-- RECORDS FOR THE EXERCISE follows --

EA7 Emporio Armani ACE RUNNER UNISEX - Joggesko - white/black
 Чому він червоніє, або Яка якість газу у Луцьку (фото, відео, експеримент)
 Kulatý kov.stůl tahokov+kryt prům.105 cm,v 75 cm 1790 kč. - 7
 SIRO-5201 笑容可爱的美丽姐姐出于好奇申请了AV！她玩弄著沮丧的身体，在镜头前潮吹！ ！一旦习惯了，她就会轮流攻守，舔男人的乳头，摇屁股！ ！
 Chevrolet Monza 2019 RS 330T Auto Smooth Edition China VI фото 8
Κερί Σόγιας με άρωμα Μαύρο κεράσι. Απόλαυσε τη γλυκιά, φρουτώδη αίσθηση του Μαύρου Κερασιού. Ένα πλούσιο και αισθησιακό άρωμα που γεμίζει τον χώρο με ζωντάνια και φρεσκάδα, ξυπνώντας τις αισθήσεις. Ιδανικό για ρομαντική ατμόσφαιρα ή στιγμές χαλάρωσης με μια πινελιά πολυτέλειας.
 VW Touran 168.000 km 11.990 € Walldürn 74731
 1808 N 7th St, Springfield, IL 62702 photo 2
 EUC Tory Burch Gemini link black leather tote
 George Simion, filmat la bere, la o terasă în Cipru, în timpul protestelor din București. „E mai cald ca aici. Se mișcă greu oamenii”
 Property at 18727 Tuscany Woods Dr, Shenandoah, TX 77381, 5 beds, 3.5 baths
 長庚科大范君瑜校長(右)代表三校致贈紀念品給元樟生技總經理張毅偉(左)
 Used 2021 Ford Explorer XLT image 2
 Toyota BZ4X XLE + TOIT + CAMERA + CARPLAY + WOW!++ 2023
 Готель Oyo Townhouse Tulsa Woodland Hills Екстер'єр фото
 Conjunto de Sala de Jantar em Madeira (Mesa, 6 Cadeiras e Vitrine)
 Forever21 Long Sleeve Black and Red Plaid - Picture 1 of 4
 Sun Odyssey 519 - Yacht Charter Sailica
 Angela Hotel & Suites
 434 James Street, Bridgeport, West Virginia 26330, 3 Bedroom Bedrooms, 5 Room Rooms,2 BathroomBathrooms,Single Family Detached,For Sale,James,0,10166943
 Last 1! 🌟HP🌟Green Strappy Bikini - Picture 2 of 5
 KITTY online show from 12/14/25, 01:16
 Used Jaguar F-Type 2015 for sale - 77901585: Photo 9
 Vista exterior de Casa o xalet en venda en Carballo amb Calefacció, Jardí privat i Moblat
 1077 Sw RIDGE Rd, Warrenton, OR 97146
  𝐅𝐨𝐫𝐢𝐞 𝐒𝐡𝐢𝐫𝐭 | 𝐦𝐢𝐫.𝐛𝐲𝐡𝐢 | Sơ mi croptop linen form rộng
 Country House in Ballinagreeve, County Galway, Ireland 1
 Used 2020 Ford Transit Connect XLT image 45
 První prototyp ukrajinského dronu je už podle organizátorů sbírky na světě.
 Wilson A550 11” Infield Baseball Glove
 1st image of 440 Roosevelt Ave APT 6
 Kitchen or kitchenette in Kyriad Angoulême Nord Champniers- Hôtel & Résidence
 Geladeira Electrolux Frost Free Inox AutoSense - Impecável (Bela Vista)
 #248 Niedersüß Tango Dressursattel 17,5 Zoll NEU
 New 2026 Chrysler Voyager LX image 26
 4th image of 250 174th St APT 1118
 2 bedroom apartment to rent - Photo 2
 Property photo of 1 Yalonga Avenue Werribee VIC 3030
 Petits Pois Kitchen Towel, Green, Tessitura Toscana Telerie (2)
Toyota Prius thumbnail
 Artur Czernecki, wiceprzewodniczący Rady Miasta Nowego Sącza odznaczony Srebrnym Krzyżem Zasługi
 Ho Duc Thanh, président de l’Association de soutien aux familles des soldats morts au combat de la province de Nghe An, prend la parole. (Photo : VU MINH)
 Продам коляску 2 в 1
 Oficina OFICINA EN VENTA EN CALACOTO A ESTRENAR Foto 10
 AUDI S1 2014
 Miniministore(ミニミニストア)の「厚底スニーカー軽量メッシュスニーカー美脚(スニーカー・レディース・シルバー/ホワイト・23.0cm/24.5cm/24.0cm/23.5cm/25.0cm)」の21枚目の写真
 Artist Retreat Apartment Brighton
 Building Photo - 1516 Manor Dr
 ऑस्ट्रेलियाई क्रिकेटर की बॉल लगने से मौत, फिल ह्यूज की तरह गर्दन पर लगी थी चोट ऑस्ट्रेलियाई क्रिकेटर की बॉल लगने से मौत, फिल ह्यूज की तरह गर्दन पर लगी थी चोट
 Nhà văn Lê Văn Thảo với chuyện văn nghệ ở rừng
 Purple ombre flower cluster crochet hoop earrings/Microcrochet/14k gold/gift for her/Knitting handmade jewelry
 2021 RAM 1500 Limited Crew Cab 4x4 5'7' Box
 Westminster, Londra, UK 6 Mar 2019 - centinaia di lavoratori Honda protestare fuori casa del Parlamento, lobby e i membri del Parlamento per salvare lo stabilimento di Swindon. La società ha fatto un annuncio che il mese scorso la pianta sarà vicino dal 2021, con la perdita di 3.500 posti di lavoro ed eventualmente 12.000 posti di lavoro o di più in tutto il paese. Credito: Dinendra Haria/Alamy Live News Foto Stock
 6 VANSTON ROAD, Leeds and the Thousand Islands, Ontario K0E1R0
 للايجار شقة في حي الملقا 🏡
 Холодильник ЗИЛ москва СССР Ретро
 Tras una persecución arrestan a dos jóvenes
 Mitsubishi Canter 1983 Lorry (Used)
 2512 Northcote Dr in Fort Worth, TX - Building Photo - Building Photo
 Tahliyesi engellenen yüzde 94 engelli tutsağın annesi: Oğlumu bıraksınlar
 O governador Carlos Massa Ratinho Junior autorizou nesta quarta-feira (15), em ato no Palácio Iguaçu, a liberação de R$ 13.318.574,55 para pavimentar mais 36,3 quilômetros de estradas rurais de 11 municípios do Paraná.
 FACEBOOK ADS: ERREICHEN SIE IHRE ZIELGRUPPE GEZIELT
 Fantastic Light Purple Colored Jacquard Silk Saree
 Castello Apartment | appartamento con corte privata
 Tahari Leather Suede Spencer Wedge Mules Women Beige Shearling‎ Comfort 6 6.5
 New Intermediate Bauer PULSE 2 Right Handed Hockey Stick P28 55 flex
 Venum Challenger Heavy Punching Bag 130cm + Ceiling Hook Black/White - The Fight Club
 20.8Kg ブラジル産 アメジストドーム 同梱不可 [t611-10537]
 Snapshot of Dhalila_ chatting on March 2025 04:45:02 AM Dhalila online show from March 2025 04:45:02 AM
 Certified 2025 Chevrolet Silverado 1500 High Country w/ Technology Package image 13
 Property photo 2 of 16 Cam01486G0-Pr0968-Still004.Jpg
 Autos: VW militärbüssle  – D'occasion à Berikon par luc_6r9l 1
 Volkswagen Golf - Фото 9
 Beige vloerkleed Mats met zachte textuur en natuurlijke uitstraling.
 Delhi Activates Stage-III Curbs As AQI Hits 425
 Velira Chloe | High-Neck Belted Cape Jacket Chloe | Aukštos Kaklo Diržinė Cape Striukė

-- RECORDS FOR THE EXERCISE concluded --

**THE PROBLEM**.
Could you please copy the lines above exactly, beginning at the first and ending at the line that contains "EUC Tory Burch"?

**ANSWER SPACE**.
EA7 Emporio Armani ACE RUNNER UNISEX - Joggesko - white/black
 Чому він червоніє, або Яка якість газу у Луцьку (фото, відео, експеримент)
 Kulatý kov.stůl tahokov+kryt prům.105 cm,v 75 cm 1790 kč. - 7
 SIRO-5201 笑容可爱的美丽姐姐出于好奇申请了AV！她玩弄著沮丧的身体，在镜头前潮吹！ ！一旦习惯了，她就会轮流攻守，舔男人的乳头，摇屁股！ ！
 Chevrolet Monza 2019 RS 330T Auto Smooth Edition China VI фото 8
Κερί Σόγιας με άρωμα Μαύρο κεράσι. Απόλαυσε τη γλυκιά, φρουτώδη αίσθηση του Μαύρου Κερασιού. Ένα πλούσιο και αισθησιακό άρωμα που γεμίζει τον χώρο με ζωντάνια και φρεσκάδα, ξυπνώντας τις αισθήσεις. Ιδανικό για ρομαντική ατμόσφαιρα ή στιγμές χαλάρωσης με μια πινελιά πολυτέλειας.
 VW Touran 168.000 km 11.990 € Walldürn 74731
 1808 N 7th St, Springfield, IL 62702 photo 2
 EUC Tory Burch Gemini link black leather tote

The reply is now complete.